À l’initiative de la Convention des Nations Unies sur la lutte contre la désertification, une caravane eurasiatique pour défendre les pâturages et les communautés qui en dépendent, reliera la Türkiye à la Mongolie afin de promouvoir la gestion durable des parcours pastoraux et renforcer la résilience face à la dégradation des terres.
La Convention des Nations Unies sur la lutte contre la désertification (UNCCD) a lancé mercredi en Türkiye la « Silk Road Caravan », une initiative itinérante à travers l’Eurasie destinée à mettre en lumière les pâturages naturels et les communautés pastorales, à l’approche de la COP17 prévue en août prochain à Oulan-Bator, en Mongolie.
Selon un communiqué parvenu à APA, cette caravane s’inscrit dans le cadre de l’Année internationale des parcours pastoraux et des éleveurs 2026. Elle vise à sensibiliser sur le rôle stratégique des terres de pâturage dans la sécurité alimentaire, la préservation des ressources en eau, la stabilité climatique et la résilience économique.

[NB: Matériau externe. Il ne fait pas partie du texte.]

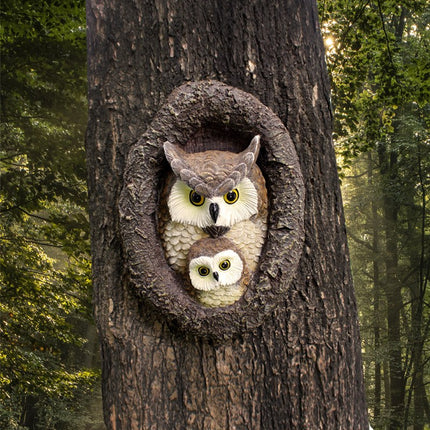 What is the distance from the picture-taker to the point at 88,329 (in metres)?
11.3

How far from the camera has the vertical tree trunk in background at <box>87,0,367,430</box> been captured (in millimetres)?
1452

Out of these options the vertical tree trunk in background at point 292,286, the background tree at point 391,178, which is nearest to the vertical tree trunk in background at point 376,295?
the background tree at point 391,178

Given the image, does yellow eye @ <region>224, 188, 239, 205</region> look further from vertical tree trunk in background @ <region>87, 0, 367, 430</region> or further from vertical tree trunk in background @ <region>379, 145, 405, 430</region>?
vertical tree trunk in background @ <region>379, 145, 405, 430</region>

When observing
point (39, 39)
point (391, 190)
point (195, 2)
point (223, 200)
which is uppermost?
point (39, 39)

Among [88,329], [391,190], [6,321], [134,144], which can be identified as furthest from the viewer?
[88,329]

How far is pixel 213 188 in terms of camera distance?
1449 millimetres

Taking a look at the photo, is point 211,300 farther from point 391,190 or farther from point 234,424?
point 391,190

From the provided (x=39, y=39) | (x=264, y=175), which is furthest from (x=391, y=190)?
(x=264, y=175)

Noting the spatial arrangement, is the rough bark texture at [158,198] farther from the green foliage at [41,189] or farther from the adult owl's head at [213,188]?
the green foliage at [41,189]

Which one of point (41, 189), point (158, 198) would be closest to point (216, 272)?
point (158, 198)

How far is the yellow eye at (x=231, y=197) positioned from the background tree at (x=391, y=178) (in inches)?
130

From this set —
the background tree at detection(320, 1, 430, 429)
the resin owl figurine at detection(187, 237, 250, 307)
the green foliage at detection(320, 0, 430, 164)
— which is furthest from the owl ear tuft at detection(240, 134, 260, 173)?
the background tree at detection(320, 1, 430, 429)

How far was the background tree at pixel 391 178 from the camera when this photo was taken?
14.4 feet

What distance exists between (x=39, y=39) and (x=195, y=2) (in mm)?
3729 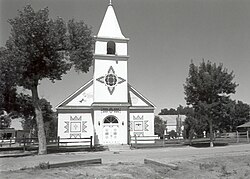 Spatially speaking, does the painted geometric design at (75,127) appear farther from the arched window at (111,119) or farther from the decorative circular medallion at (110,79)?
the decorative circular medallion at (110,79)

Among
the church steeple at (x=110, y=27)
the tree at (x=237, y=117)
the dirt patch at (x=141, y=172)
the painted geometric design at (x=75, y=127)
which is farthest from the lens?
the tree at (x=237, y=117)

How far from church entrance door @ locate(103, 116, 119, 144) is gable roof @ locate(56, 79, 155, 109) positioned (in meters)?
3.15

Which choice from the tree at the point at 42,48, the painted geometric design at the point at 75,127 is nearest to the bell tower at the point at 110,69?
the painted geometric design at the point at 75,127

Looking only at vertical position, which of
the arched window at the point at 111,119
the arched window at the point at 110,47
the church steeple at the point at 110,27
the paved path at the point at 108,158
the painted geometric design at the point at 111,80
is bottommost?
the paved path at the point at 108,158

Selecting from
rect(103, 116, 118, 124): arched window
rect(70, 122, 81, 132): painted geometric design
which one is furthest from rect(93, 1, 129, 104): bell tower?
rect(70, 122, 81, 132): painted geometric design

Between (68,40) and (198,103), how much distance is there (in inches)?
545

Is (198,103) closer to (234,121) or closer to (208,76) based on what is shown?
(208,76)

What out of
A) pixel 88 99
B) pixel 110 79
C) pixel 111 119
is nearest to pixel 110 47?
pixel 110 79

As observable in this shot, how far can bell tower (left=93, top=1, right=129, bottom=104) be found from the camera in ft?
103

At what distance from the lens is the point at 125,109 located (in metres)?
31.0

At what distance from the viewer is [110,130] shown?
30.4 meters

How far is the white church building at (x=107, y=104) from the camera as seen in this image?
3045 centimetres

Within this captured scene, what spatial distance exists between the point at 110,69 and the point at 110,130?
682 centimetres

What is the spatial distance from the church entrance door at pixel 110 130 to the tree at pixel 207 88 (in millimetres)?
8134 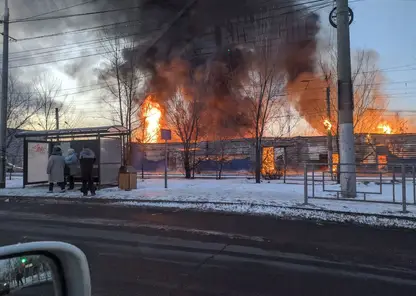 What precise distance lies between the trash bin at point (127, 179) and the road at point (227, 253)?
4.40 meters

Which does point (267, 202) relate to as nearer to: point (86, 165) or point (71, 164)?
point (86, 165)

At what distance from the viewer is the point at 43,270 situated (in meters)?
1.33

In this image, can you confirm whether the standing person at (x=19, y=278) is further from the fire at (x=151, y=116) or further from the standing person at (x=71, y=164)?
the fire at (x=151, y=116)

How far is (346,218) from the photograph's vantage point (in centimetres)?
696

L’initiative suivra symboliquement l’ancienne Route de la soie et réunira des éleveurs pastoraux, des experts et des réalisateurs de plusieurs pays. Le convoi traversera steppes, déserts et hauts plateaux afin de documenter, au contact des communautés locales, des solutions mêlant savoirs traditionnels et avancées scientifiques.
« Les parcours pastoraux couvrent plus de la moitié des terres émergées de la planète et soutiennent des milliards de personnes, mais dans certaines régions ils disparaissent plus rapidement que les forêts tropicales », a déclaré Yasmine Fouad lors de la cérémonie de lancement à Antalya, en Türkiye.
Selon elle, cette caravane doit permettre de placer « ces paysages et leurs gardiens au centre de l’attention mondiale » dans un contexte marqué par l’aggravation de la dégradation des terres et des sécheresses.
Les autorités turques ont salué une initiative « symbolique et porteuse de sensibilisation. » Le vice-ministre turc de l’Environnement, de l’Urbanisation et du Changement climatique, Hasan Suver, a souligné que le périple, commencé à Erzurum avant de passer par Malatya, Gaziantep et Antalya, met en évidence l’importance écologique, économique et culturelle des écosystèmes pastoraux.
Ambassadrice de bonne volonté de l’UNCCD, l’artiste malienne Inna Modja, qui a déjà parcouru plus de 1 000 kilomètres avec la caravane en Türkiye, a estimé que cette aventure permettra de « porter les voix des communautés pastorales » et de montrer « à quel point les populations et les terres sont intimement liées. »
Après la Türkiye, la caravane doit traverser plusieurs pays eurasiens, notamment la Chine, le Kazakhstan, le Kyrgyzstan, la Mongolie, la Russie et l’Ouzbékistan, avant de s’achever à la COP17 de l’UNCCD, prévue du 17 au 28 août 2026 à Oulan-Bator.
Le communiqué rappelle que les steppes eurasiatiques constituent la plus vaste zone continue de pâturages au monde, s’étendant sur plus de 8 000 kilomètres entre la mer Noire et le plateau mongol.
Ces terres représentent environ un quart des parcours pastoraux mondiaux et font vivre des populations largement dépendantes de l’élevage pastoral.
L’UNCCD souligne également que les parcours pastoraux figurent parmi les écosystèmes les plus essentiels mais aussi les plus sous-évalués de la planète. Ils soutiennent près de deux milliards de personnes et contribuent à un sixième de la production alimentaire mondiale.
Pourtant, jusqu’à la moitié de ces territoires seraient déjà dégradés ou menacés, fragilisant leur capacité de stockage de l’eau et du carbone ainsi que leur productivité.